First things first. Does Chef work in its rejigged, set-in-Kerala-and-Delhi avatar? Does the swapping of Cubanos with pizza-rotis taste as good? In one word: yes. Does Chef work as a food film? Maybe. Does it do justice to Saif’s talent? Definitely.

Saif plays Roshan Kalra, a talented but passion-less chef in New York who has to come to Kochi to his friendly ex-wife Radha (Malayalam actress Padmapriya Janakiraman) and estranged son, Armaan (Svar Kamble), after being fired from his job post his run-in with a diner. Here, he finds meaning to life again after taking on a mobile food truck assisted by his son and supported by the said ex.

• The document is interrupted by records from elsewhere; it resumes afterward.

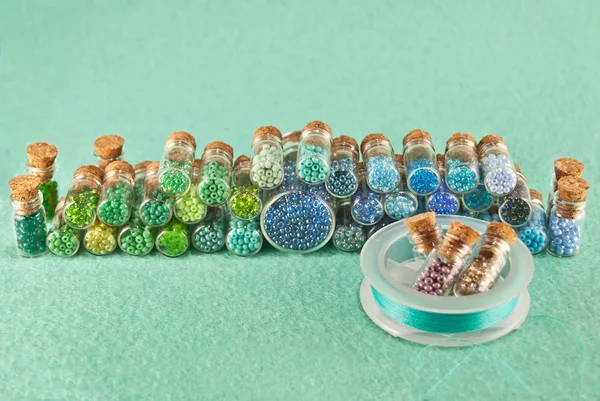 Blue Green Yellow Purple Beads Glass Jars Bright Cyan Background — ストック写真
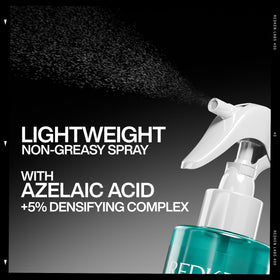 Redken bottle held in hand to show actual size and travel-friendly convenience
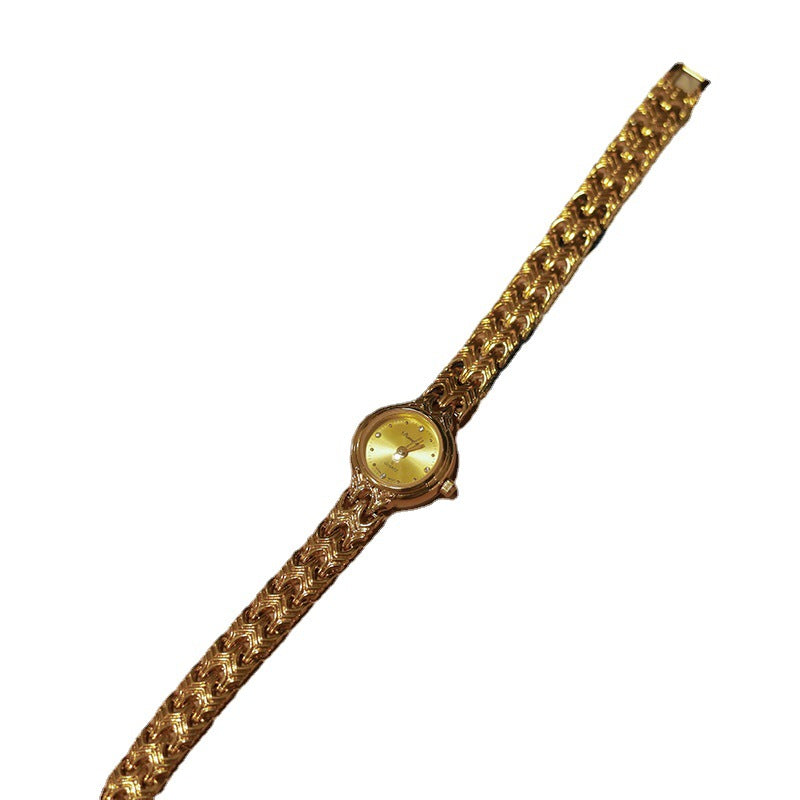 Reloj medieval con tiras de cobre tejidas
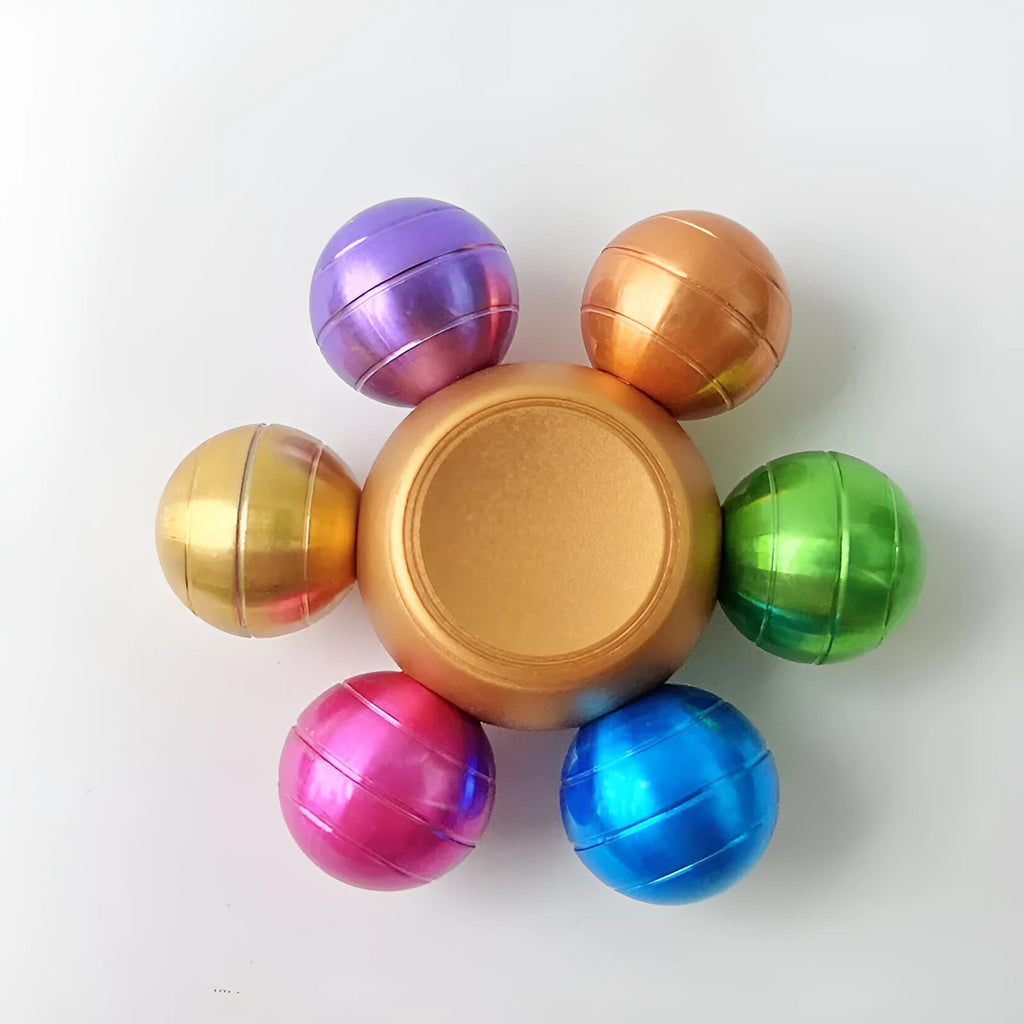 Colourful six Dragon Ball six-bead fingertip gyro in zinc alloy with metal bearing, approximately 6 x 2.2 cm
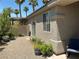 Cozy backyard features gravel, plants, a covered patio, and views of palm trees at 9753 Arrowcrest Ave, Las Vegas, NV 89147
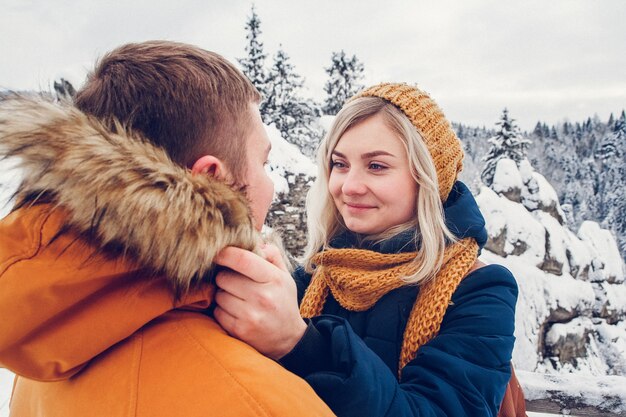 Foto pareja amorosa caricias al aire libre en un paisaje nevado vistiendo abrigos de invierno pesados y gorros de piel.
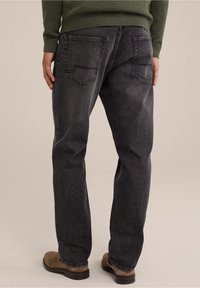 Svarta denimjeans med avslappnad passform och bakfickor, tillsammans med bruna skor. Tyget ser ut att vara texturerat med förstärkt sömnad.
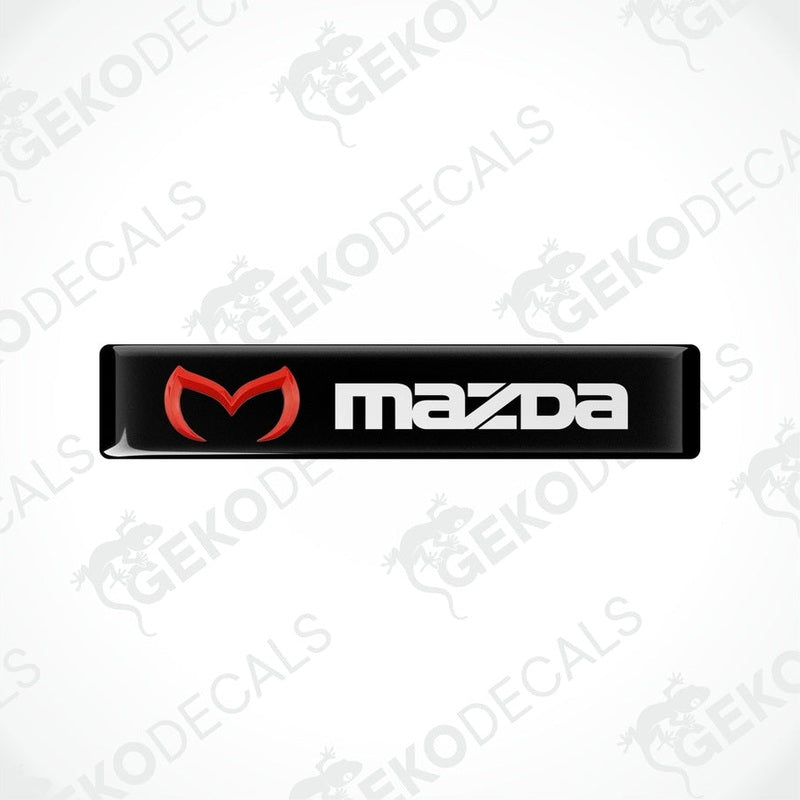  Black vinyl stickers with a red and white Mazda logo on them.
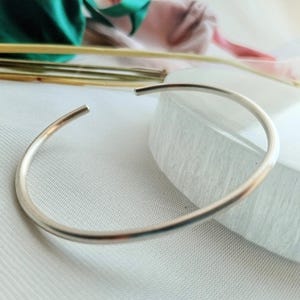 May include: A silver bangle bracelet with a smooth, rounded surface. The bracelet is open and has a simple, minimalist design.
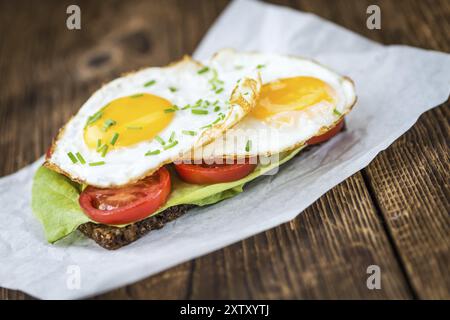 Frisch zubereitetes gebratenes Ei-Sandwich (detaillierte Nahaufnahme, selektiver Fokus) auf einem Holztisch Stockfoto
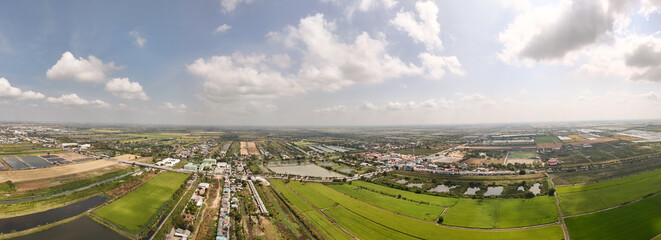 Panoramic drone images of rice fields, villages and the capital.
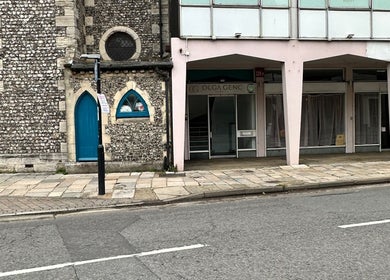 Entrance to Olga Genc Beauty on Chichester street, featuring historic stone architecture, Chichester, England, GB.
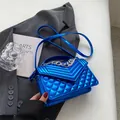 Metallic electric blue quilted crossbody bag with silver chain and V-pattern stitching - Blue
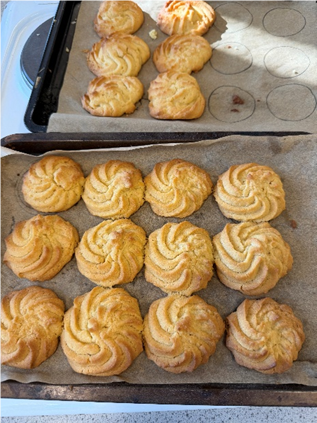 Photograph showing two baking trays with freshly baked, golden-brown swirl-shaped cookies on parchment paper. One tray contains a neat 3x4 grid of cookies, while the other has fewer cookies arranged irregularly, highlighting different stages of baking or preparation.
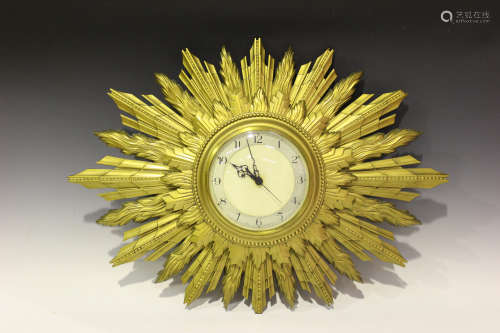 A 20th century giltwood sunburst wall clock with quartz movement, the circular dial with Arabic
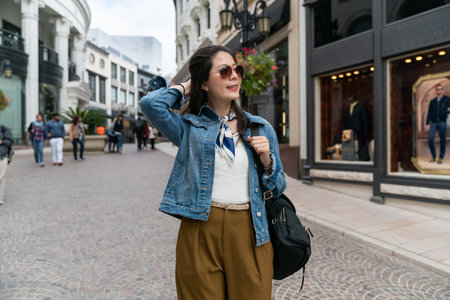 beautiful woman walking on pavement in leisure, admiring the streetscape while window shopping.の写真素材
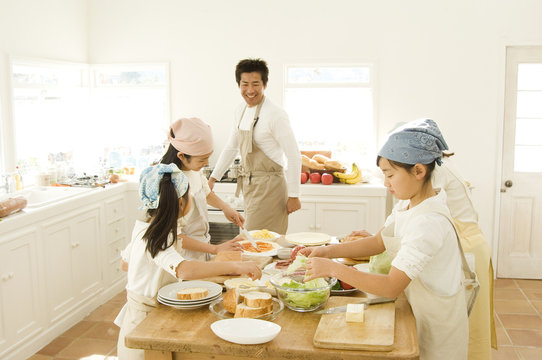 Japanese Father And Four Daughters Cooking In Kitchen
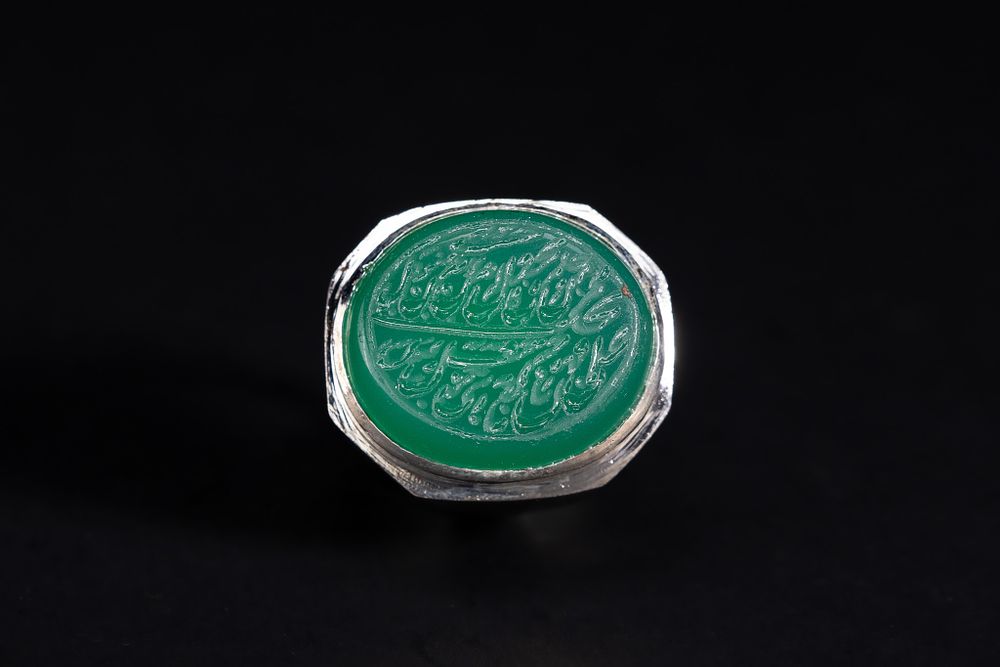 Lot 158: An Islamic Silver Ring Set with a Carved...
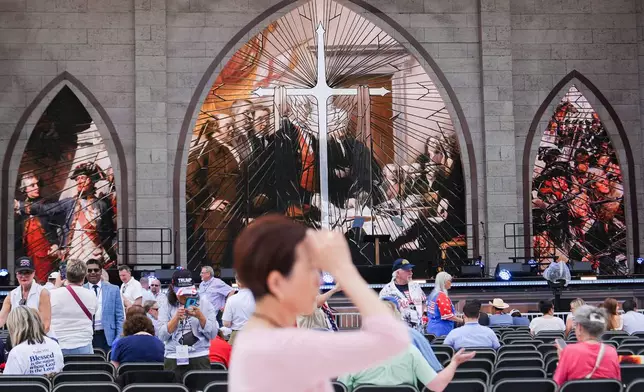A person prays during Rededicate 250, a mostly conservative Christian prayer gathering in honor of the United States' 250th anniversary, on the National Mall, Sunday, May 17, 2026, in Washington. (AP Photo/Julia Demaree Nikhinson)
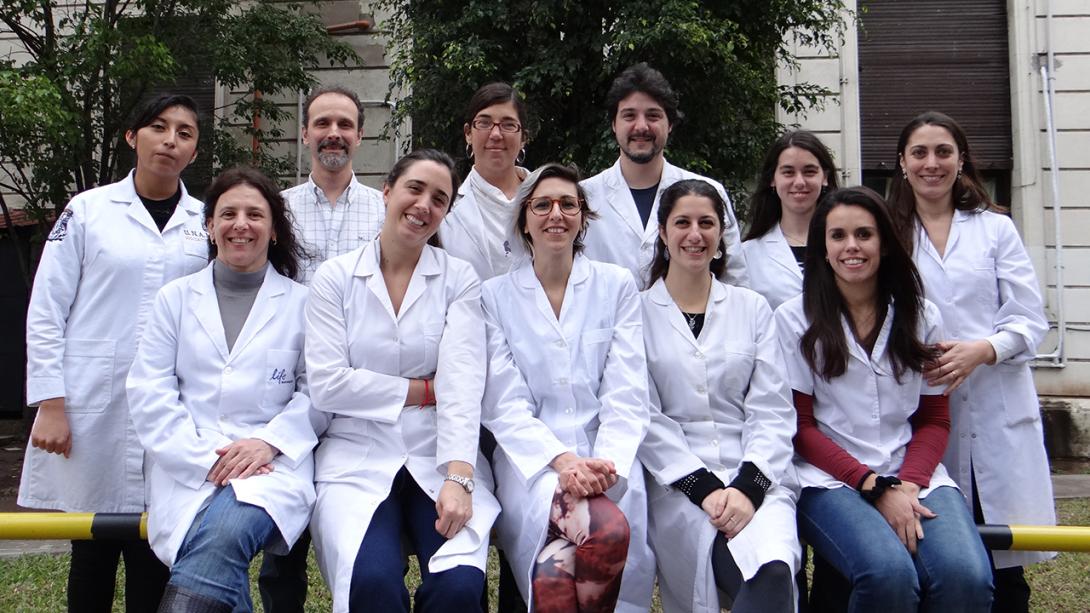 TWAS-Sida Research Grant awardee and pediatric medicine researcher Maria Victoria Preciado, bottom left, with her research group in Argentina. [Photo provided]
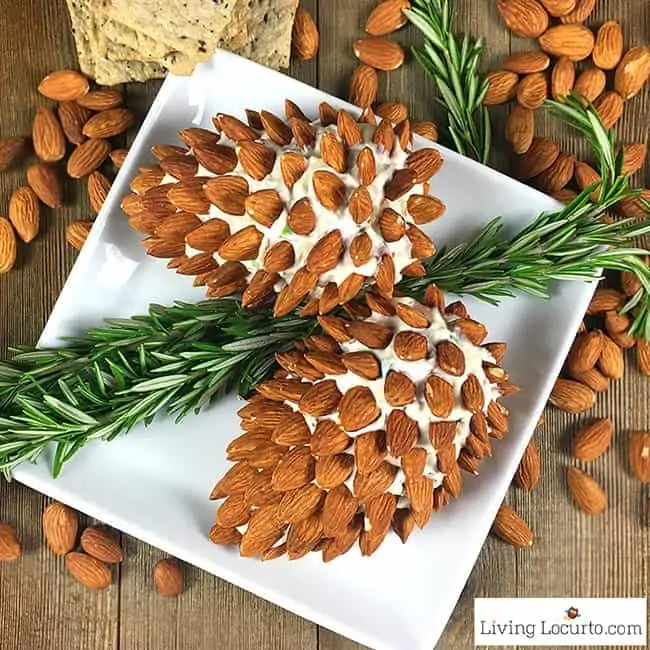 Two Pine Cone Cheese Ball with Almonds are on a square plate shaped as a pine cone with the help of the almonds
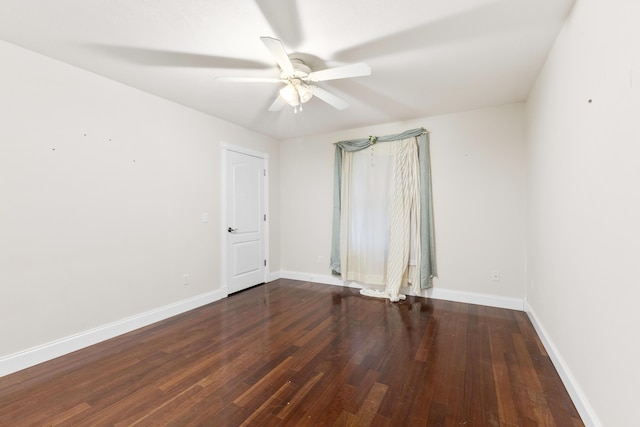 empty room featuring ceiling fan, baseboards, and wood finished floors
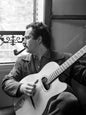 Photo Georges Brassens près de la fenêtre avec sa guitare, Paris, 1953 - 15 x 20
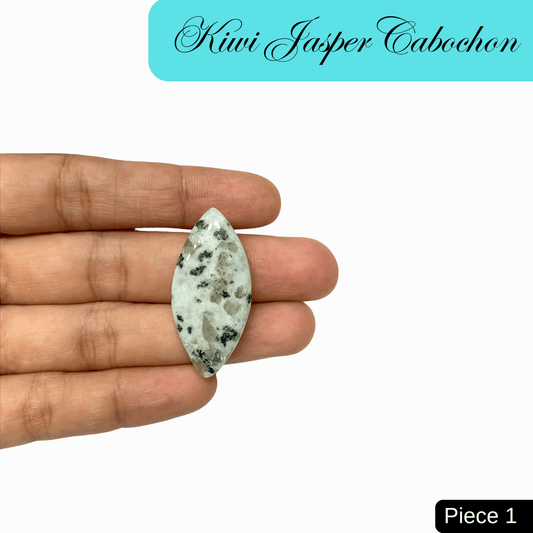 Person holding a green and black speckled Kiwi Jasper cabochon, known for tranquility and emotional strength. Piece 1.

Saif in his comfort zone here – the urban sophisticate - and after a long time, he seems to enjoy what he’s doing. Yes, he could have done this role in his sleep but it’s still a joy to watch him being the charmer who can win your heart with a goofy smile. There is also a cheeky reference to his Dil Chahta Hai character when the film moves for a bit to Goa (spot it if you can!). He is easy-going and subtle, be it when tossing casual one-liners (what’s this ‘gehra gyaan’ he asks at one point?) or being churlish when confronted by his ex-wife’s current man (a dishy Milind Soman). Wish the film had done more justice to Radha too as Padmapriya has a strong, earthy presence despite the film being entirely a father-son bonding exercise.

And then there is the food.

Food as a metaphor for repairing broken relationships or building new ones is a cinematic cliché but even so Bollywood hasn’t done enough justice to this theme. Save for a Baawarchi in the past or Cheeni Kum in recent times, we haven’t had ‘food films’ as such. One hoped Chef would fill in the gap but herein lies its small failing. I wanted more of food in the film. I wanted to salivate at the sight of a fluffy omelette (The 100-Foot Journey) or swoon over a bar of chocolate (Chocolat) or get nostalgic about soft chapattis and stuffed karela (The Lunchbox). Unfortunately, Chef doesn’t have enough of it. A few shots of Chandni Chowk chaat or egg curry and idiyappam in Kochi or a delicious pasta in New York doesn’t quite suffice!

The pace is also languid and takes its own sweet time to come to the point. At 2 hours and 10 minutes, Chef is shorter than most Hindi films but the not-so-hummable songs actually seem to lengthen it.

But these are minor quibbles in a film that is light, frothy and oozing warmth. Chef also gets Kerala, right. Raja Krishna Menon is clearly a man in love with his roots as his cinematographer Priya Seth lovingly captures the vast green fields, tall palms, brown, muddy bylanes and gorgeous traditional homes. (I am booking my ticket to Kochi right now!). This film is a huge departure from his previous venture, the gritty Airlift but Raja proves he is adept at handling a family drama too.

Watch Chef for its simple yet beautiful take on modern relationships. Watch it for good, clean fun on a weekend. Watch it for Saif. And yes, ladies, also watch it for Milind Soman in a mundu.